### [Collected material]
━━━━━━

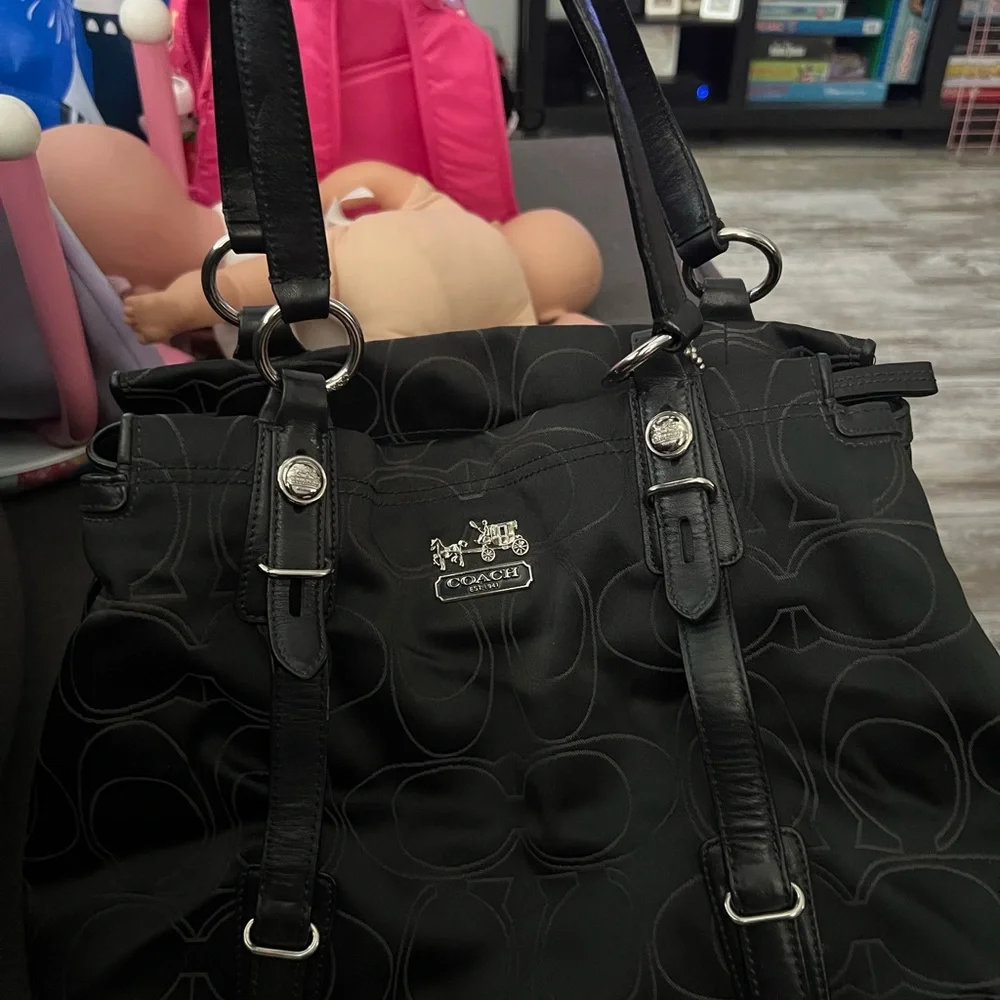 Coach Handbag - Picture 2 of 7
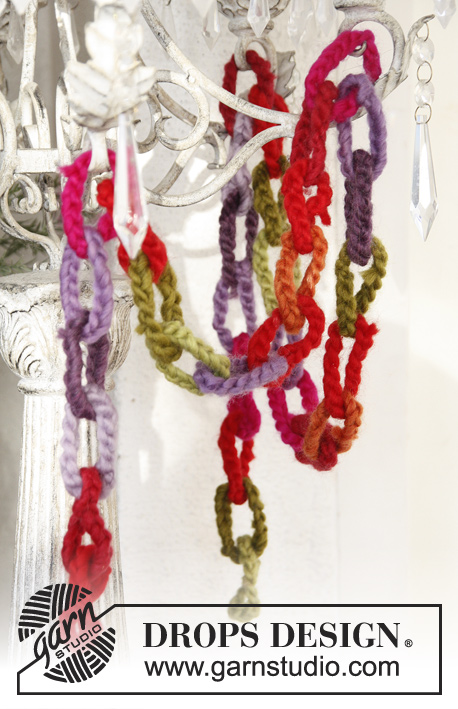 Christmas Flair / DROPS Extra 0-877 - Guirlande de Noël DROPS au crochet, en ”Snow”. 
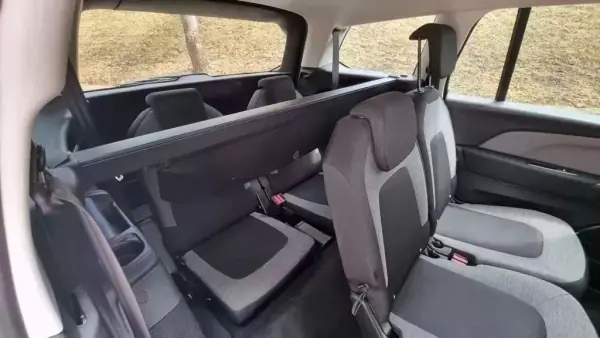 Citroën C4 Grand Picasso 2019 - 19900 EUR, 126000 km - AUTO.MOTO.pt - 126000km - foto 22 de 22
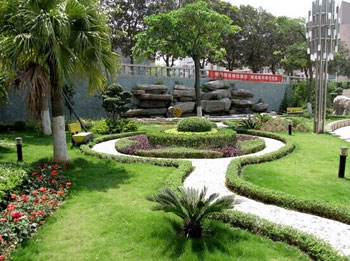 花(huā)園式(shi)學(xué)校園林綠化養護的(de)要求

━━━━━━

### [Aim of the exercise]
Print only the lines running from the line that contains "Christmas Flair /" to the final line of the listing, both included. Omit every picture.

### [Reply to the task]
 Christmas Flair / DROPS Extra 0-877 - Guirlande de Noël DROPS au crochet, en ”Snow”. 
 Citroën C4 Grand Picasso 2019 - 19900 EUR, 126000 km - AUTO.MOTO.pt - 126000km - foto 22 de 22
 花(huā)園式(shi)學(xué)校園林綠化養護的(de)要求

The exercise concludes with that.